2. Under W. Va. Code, 58-5-1 , appeals only may be taken from final decisions of a circuit court. A case is final only when it terminates the litigation between the parties on the merits of the case and leaves nothing to be done but to enforce by execution what has been determined. Syllabus point 3, James M.B. v. Carolyn M., 193 W. Va. 289, 456 S.E.2d 16 (1995).

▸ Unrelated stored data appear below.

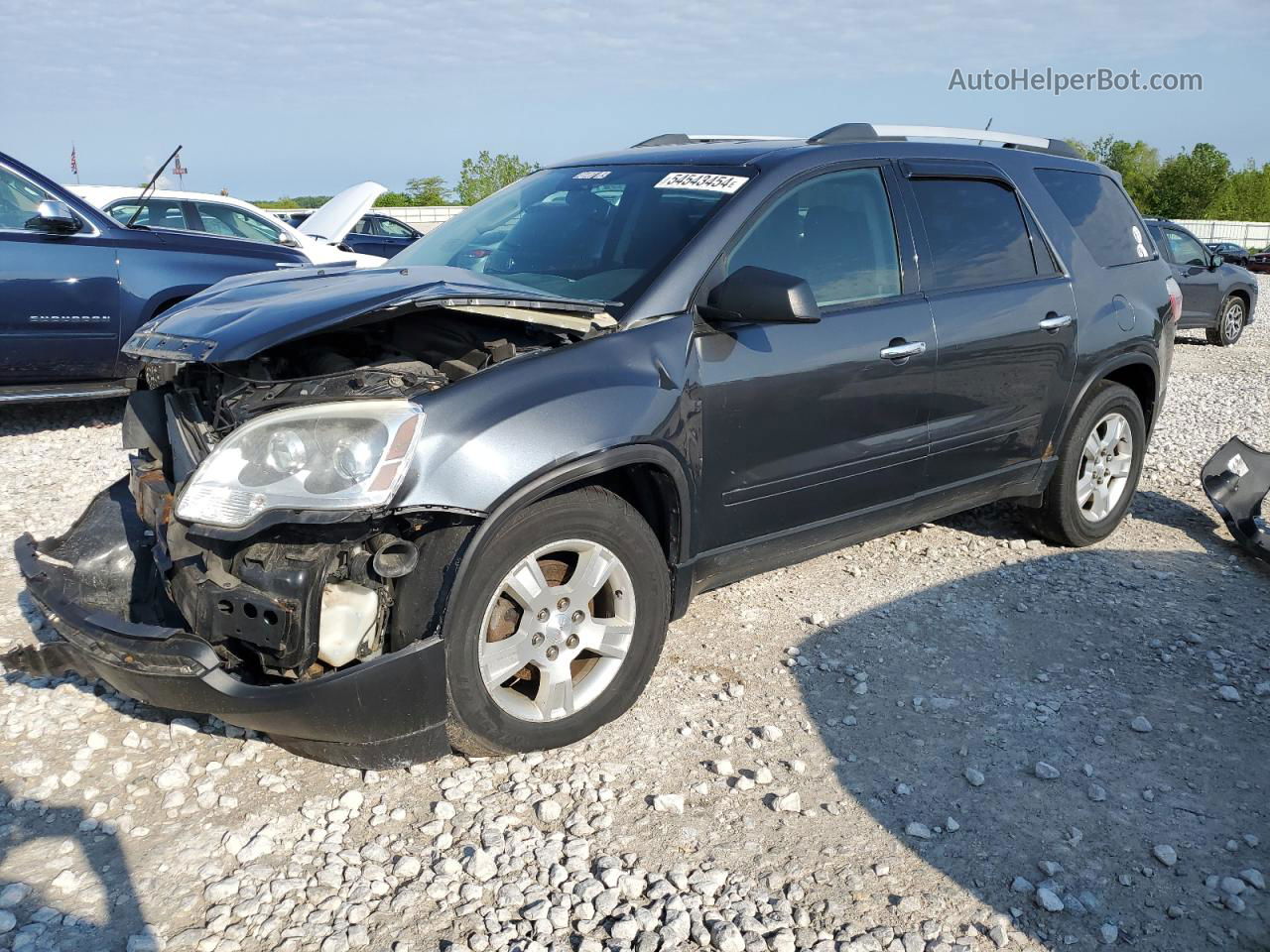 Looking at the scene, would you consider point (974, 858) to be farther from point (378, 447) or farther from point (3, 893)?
point (3, 893)

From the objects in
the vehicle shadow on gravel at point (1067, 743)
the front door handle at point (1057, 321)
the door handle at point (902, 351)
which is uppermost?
the front door handle at point (1057, 321)

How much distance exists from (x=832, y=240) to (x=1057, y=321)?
1366 mm

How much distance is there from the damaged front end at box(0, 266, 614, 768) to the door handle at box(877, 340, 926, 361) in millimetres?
1476

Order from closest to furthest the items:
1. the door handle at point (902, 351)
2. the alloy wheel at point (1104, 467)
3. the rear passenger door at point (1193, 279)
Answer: the door handle at point (902, 351) → the alloy wheel at point (1104, 467) → the rear passenger door at point (1193, 279)

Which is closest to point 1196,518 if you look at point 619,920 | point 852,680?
point 852,680

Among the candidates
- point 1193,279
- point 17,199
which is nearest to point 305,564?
point 17,199

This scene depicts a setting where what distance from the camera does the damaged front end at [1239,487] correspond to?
5469 mm

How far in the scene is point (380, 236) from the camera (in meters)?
17.6

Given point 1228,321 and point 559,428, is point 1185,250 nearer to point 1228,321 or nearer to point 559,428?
point 1228,321

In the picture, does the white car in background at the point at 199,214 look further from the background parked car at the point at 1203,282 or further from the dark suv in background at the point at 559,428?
the background parked car at the point at 1203,282

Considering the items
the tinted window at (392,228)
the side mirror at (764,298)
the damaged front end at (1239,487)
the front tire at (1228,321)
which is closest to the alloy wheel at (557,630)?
the side mirror at (764,298)

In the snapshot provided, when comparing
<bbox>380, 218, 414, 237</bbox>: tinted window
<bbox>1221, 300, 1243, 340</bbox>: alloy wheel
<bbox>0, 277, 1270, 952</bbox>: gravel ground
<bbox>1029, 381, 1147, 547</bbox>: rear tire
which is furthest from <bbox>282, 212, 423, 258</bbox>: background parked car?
<bbox>0, 277, 1270, 952</bbox>: gravel ground

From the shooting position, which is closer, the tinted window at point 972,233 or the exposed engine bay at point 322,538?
the exposed engine bay at point 322,538

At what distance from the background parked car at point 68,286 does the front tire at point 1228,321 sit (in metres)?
13.4
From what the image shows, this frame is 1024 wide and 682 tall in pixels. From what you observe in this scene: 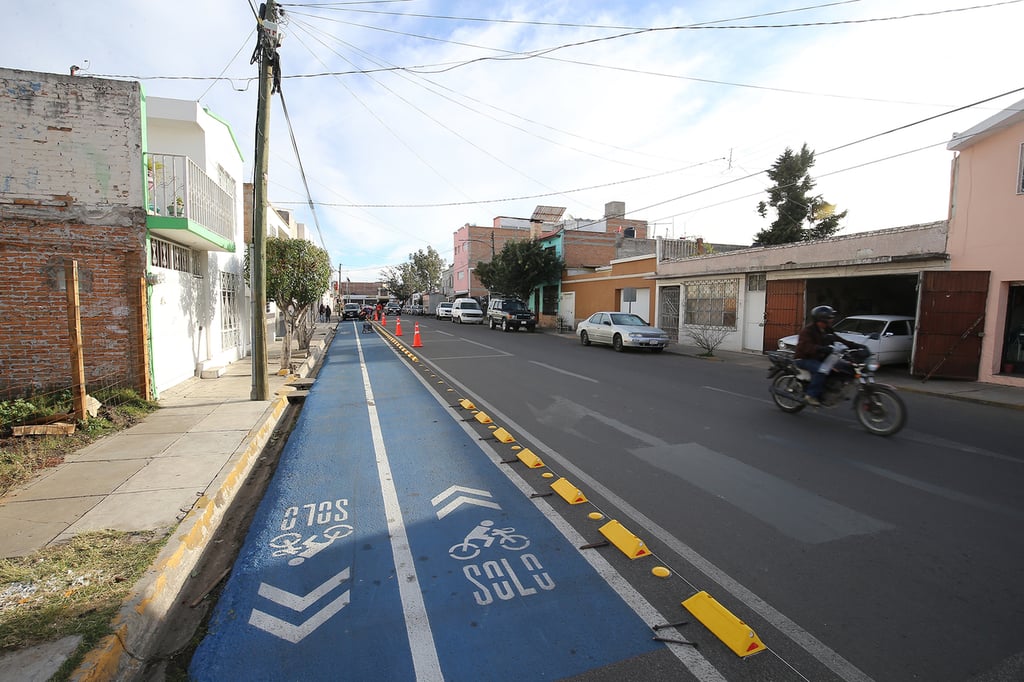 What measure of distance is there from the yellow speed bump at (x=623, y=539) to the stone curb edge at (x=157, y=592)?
119 inches

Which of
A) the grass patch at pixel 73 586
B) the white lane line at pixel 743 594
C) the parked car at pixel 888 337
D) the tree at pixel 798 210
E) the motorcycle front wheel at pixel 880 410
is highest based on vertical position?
the tree at pixel 798 210

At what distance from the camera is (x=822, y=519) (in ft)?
14.0

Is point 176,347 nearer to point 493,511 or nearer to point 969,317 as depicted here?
point 493,511

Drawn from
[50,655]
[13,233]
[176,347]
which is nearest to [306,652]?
[50,655]

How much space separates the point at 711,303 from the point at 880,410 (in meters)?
14.2

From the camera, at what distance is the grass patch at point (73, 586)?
271 cm

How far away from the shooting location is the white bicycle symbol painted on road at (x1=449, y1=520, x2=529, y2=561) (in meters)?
3.72

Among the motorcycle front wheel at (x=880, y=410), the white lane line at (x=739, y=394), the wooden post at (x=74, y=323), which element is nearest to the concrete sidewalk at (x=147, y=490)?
the wooden post at (x=74, y=323)

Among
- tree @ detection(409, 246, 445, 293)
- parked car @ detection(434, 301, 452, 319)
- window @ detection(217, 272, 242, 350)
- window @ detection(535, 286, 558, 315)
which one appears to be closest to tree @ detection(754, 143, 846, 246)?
window @ detection(535, 286, 558, 315)

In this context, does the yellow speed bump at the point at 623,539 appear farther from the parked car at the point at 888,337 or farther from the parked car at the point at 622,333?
the parked car at the point at 622,333

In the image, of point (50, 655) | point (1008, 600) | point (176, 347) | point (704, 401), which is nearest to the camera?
point (50, 655)

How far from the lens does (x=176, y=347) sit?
1029cm

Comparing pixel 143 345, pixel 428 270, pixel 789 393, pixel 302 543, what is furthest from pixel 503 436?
pixel 428 270

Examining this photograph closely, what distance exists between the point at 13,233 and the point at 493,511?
8719 millimetres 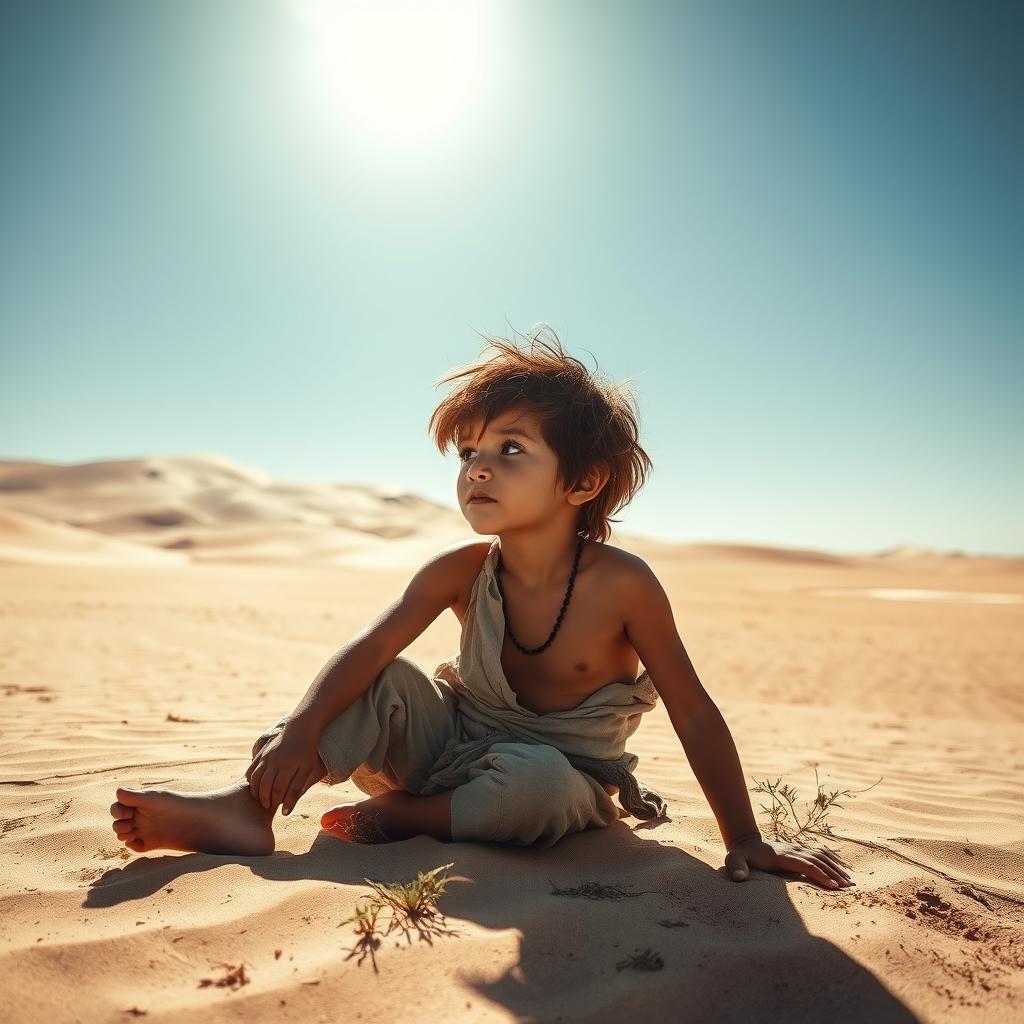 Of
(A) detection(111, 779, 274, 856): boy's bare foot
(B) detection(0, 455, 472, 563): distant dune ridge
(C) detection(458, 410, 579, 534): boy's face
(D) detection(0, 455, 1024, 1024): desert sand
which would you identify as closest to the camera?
(D) detection(0, 455, 1024, 1024): desert sand

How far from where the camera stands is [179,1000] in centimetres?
131

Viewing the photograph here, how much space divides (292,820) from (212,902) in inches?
28.4

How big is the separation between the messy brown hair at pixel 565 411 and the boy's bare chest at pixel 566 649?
34 centimetres

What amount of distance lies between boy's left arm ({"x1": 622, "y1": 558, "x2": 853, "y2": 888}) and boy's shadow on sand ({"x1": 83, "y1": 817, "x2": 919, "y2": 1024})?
0.17 feet

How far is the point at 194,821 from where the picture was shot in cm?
200

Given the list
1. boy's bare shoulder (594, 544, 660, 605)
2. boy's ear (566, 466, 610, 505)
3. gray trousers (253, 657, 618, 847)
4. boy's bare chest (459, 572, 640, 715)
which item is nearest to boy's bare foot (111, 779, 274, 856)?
gray trousers (253, 657, 618, 847)

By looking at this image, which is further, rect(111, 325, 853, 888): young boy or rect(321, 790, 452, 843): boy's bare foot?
rect(321, 790, 452, 843): boy's bare foot

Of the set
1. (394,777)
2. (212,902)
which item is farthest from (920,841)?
(212,902)

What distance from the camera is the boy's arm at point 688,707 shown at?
210 centimetres

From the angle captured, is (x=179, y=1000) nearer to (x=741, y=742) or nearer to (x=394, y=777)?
(x=394, y=777)

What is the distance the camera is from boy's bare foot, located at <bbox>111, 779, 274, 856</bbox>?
6.35 ft

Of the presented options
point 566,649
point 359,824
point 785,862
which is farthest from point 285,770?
point 785,862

3. An order determining liability, without a determination of damages, is a partial adjudication of a claim and is generally not immediately appealable. However, an immediate appeal from a liability judgment will be allowed if the determination of damages can be characterized as ministerial. That is, a judgment that does not determine damages is a final appealable order when the computation of damages is mechanical and unlikely to produce a second appeal because the only remaining task is ministerial, similar
to assessing costs.
4. Certification under Rule 54(b) of the West Virginia Rules of Civil Procedure is permitted only upon the entry of a final judgment as to one or more but fewer than all of the claims or parties. Consequently, in an action that has only one claim against the defendant, an order granting partial summary judgment on liability against that defendant is not certifiable for appeal under Rule 54(b).
This is an appeal by West Virginia Paving, Inc., defendant below (hereinafter referred to as WVP), from an order of the Circuit Court of Kanawha County that denied its motion to join a necessary party and granted summary judgment in favor of C & O Motors, Inc., plaintiff below (hereinafter referred to as C & O). WVP contends that material issues of fact were in dispute, which precluded summary judgment, and that it was error to deny its motion to join a necessary party. After a careful review of the briefs and record submitted on appeal, and listening to the oral arguments of the parties, we find the appeal was improvidently granted, and, therefore, it is dismissed without prejudice.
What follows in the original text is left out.